Die üblichen üblichen Verdächtigen
Von Björn BecherDas erste Mal, dass das FBI in seiner Geschichte eine sogenannte Wanze installiert hat, soll 1956 im Geschäft eines unbescholtenen Maßschneiders in Chicago gewesen sein. Als der für sein Debütdrehbuch „The Imitation Game“ direkt oscarprämierte Autor Graham Moore die Geschichte weiter recherchierte, fand er allerdings heraus, dass sie leider alles andere als spektakulär ist und nicht fürs Kino taugt. Doch das grundsätzliche Konzept verfing sich und die Idee für sein Regiedebüt „The Outfit“ war damit geboren.
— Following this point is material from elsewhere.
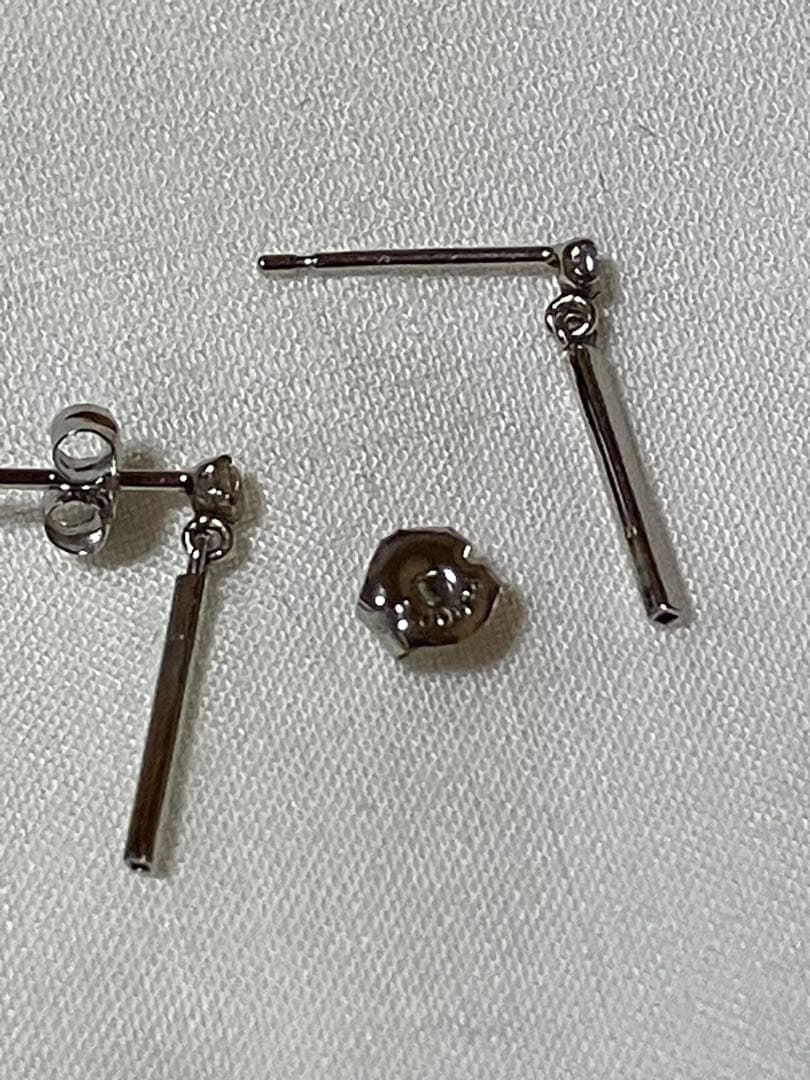 プラチナダイヤモンドバーデザインピアス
In seinem nun fiktiven Thriller-Drama brilliert Mark Rylance („Don't Look Up“) in der Hauptrolle als nur schwer zu durchblickender Maßschneider. Doch das anfangs intensive Kammerspiel fällt nach und nach in sich zusammen. Zuerst schafft es Regisseur Moore nicht, die von Autor Moore angelegten Suspense-Momente auch inszenatorisch auszureizen – und am Ende gipfelt alles in einem Twist, der nicht mehr wirklich überraschend und vor allem auch alles andere als gut durchdacht ist.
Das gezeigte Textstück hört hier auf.